Data.gov: Looking at the US governments data
The Obama administration has taken another step in making government data available online in launching the Data.gov website. Whats on the site right now, and what can we do with it?
The website has two catalogs of information available- the "raw data catalog", and the "tools" catalog. At the time of posting this, there are 47 entries in the raw data section, and 27 in the tools section. For this post, I focused on the "raw data catalog".
Thinks I liked:
- The site lets users rate data sets- giving an Overall rating, and then rating on Data utility, Usefulness and Ease of Access (giving you a vote of 0 to 5 stars). Democratic. Thats keeping with core values.
- Each data set came with some extra info, including data dictionarys- for the example set it can be found here.
- The fact that the data WAS raw. Better to get it out there, then do something to it that makes it less useful.
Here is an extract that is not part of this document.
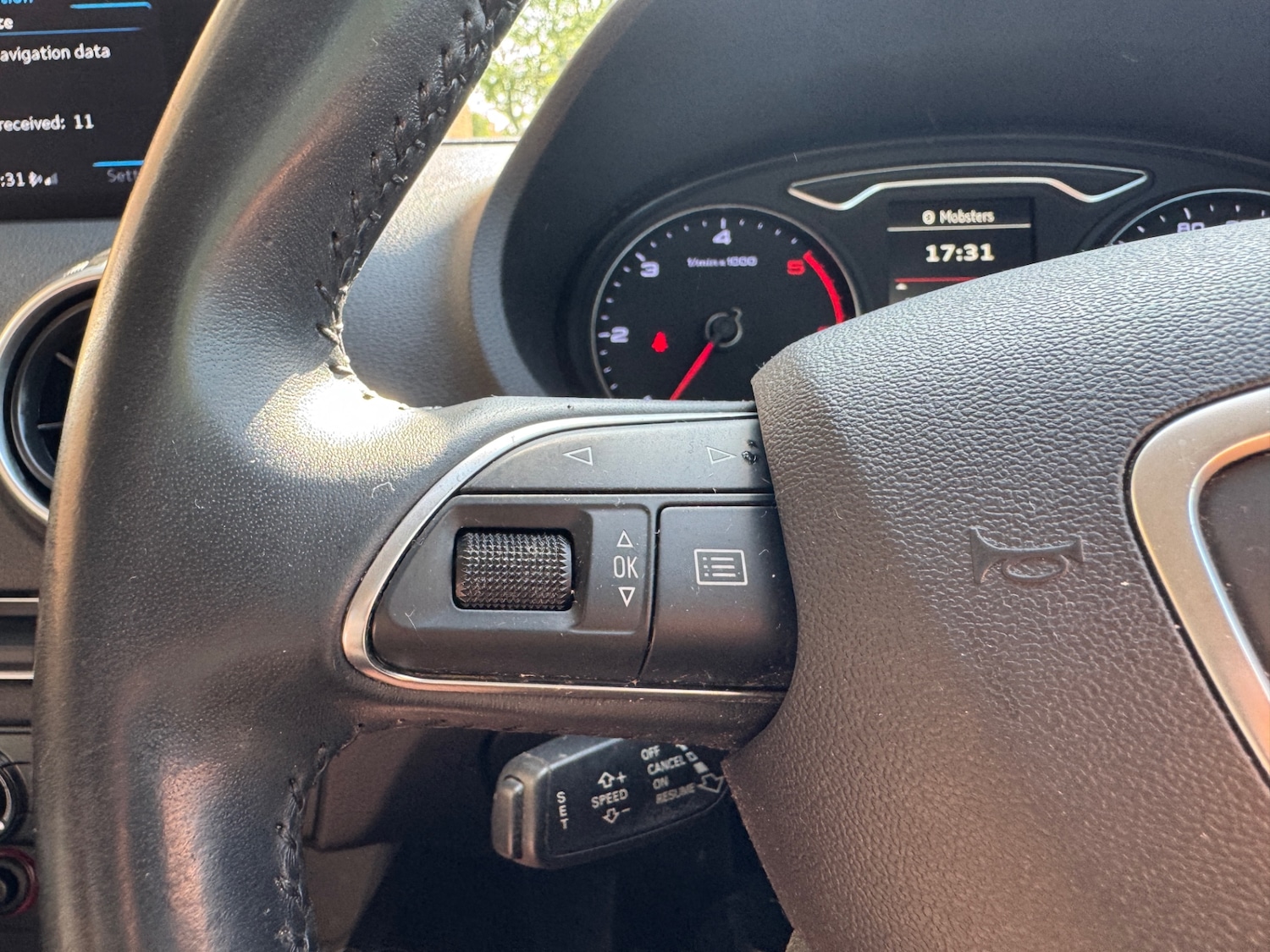Vehicle 21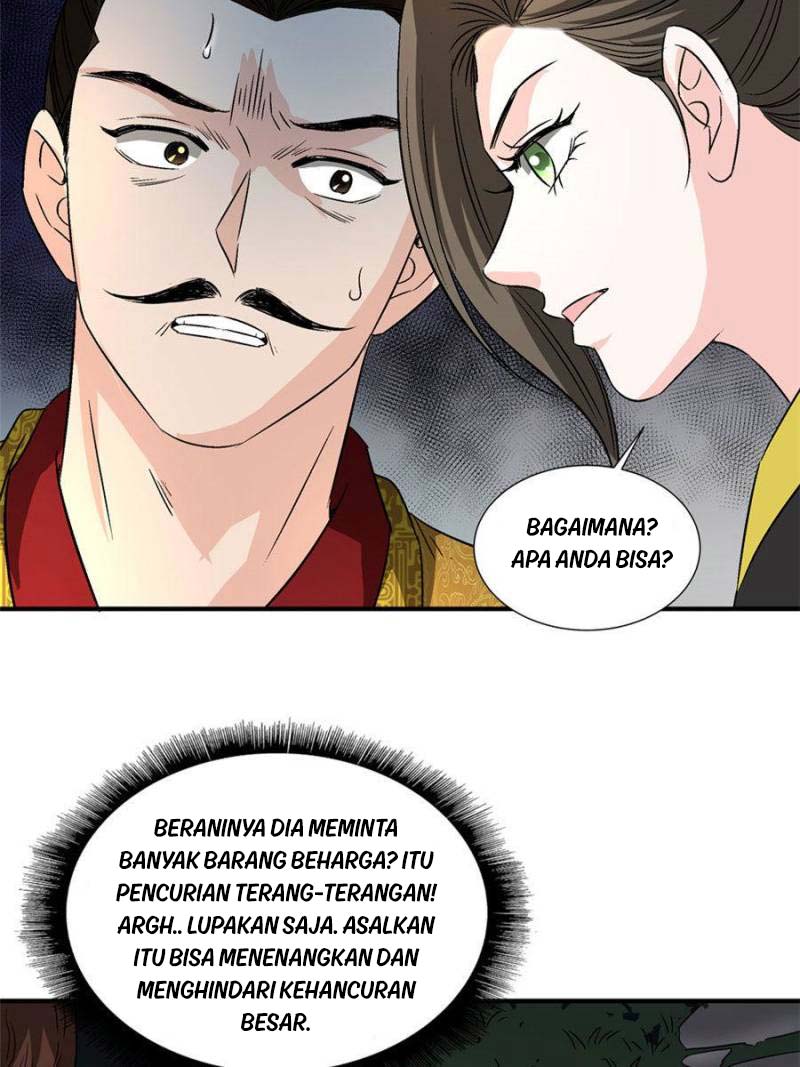The Crazy Adventures of Mystical Doctor Chapter 139 Gambar 15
- Although Catalog doesn't yet have a lot of entries to need it yet, there is keyword search and filters by categories, government agency and file type.
- The US Federal government isn't afraid to use the word "Potty" when it needs too.
POTTYAGE,Age of the most used toilet ,1,27,Numeric
POTTYLEAK,Does the most used toilet leak,1,28,Numeric
POTTYPARTS,Any of the part of the most used toilet replaced,1,29,Numeric
POTTYFIX,When was the most used toilet repaired,1,30,Numeric
Things I found disappointing:
- The data dictionary information was often in PDF format, when the contents were in fact a dimension table. Having this data in the form of a data file would save us some parsing. Here was the example pdf for the featured data set, for example.
- Related data sets were not grouped together- the catalog only had one data set per entry, even if some were directly related or joinable. It would be much more powerful to have the data sets grouped together. (This would also let us group together those dimension like tables if they were available.)
- Just not enough data yet, so I found the mish-mash of various data sets a bit bizarre. I didn't have any pressing need to analyze Community collaborative Rain, Hail and Snow observations, or the Migratory Bird Flyways, or the detail of the world wide earthquakes in the past 7 days (although admittedly that last one is kind of cool).
Bottom line is any data is better than no data, and if there's something there you're interested in analyzing, then good on the US government to make it available for you. There is not a lot there now, but the hope is that over time more federal CIOs will feel the pressure to get their data available.
Whats going to be key, however, to make this all work is to establish a standard for both data and meta data that is more robust than throwing some csv files and PDF data dictionary documents on a web site. I look forward to seeing how this evolves.
Update: Sunlight labs, with sponsors including Google have a contest for the best analytical applications based on data.gov data.
Doing a deeper dive into the data with the Datamartist tool
I couldn't resist taking a peak using Datamartist.
The featured data set that was displayed prominently on the Data.gov home page was the "Residential Energy Consumption Survey (RECS)" for 2005. The description of the data file is as follows:
The Residential Energy Consumption Survey (RECS), which is conducted every four years, provides national statistical survey data on the use of energy in residential housing units including physical housing unit types, appliances utilized, demographics, fuels, and other energy use information. This dataset (i.e., the full RECS dataset) is very large in size and may require specialized software to open on your computer. The file might not open completely in Excel 2003 or earlier versions.
The file ends up being very WIDE rather than tall- over 1000 columns, and 4382 rows, totaling about 10 Mb in a csv file.
I did one pass to make a sub set file focusing in on a few columns, then I built some mini dimension tables to join up by cutting and pasting out of the PDF. Once I had the data in datamartist I connected up a join block and checked it out in the data profiler:
Oddly, when investigating POTTYAGE, I found that the majority of the rows had the value zero, which was not listed in the data dictionary. Hmmm. Perhaps even the feds have data quality problems now and again.